**What you need to do:** Copy each line of the data below in which the word "Ocean" can be found.

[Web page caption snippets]
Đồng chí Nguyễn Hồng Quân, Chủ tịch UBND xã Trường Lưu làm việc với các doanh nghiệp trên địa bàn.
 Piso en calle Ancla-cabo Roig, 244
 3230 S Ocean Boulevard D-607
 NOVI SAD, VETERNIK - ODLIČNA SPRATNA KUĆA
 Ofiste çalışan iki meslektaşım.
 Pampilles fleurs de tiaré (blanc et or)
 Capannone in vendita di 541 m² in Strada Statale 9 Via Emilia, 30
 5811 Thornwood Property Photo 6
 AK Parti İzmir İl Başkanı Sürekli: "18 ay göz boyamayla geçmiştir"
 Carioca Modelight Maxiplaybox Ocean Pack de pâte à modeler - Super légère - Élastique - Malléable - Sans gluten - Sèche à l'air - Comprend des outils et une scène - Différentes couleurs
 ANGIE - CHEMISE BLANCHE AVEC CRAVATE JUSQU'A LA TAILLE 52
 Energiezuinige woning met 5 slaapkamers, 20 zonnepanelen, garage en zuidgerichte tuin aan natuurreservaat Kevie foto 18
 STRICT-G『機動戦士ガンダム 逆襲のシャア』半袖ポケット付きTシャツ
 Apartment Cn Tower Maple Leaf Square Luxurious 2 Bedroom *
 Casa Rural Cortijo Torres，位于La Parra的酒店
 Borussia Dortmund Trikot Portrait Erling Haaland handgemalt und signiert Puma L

**Answer for this exercise:**
 3230 S Ocean Boulevard D-607
 Carioca Modelight Maxiplaybox Ocean Pack de pâte à modeler - Super légère - Élastique - Malléable - Sans gluten - Sèche à l'air - Comprend des outils et une scène - Différentes couleurs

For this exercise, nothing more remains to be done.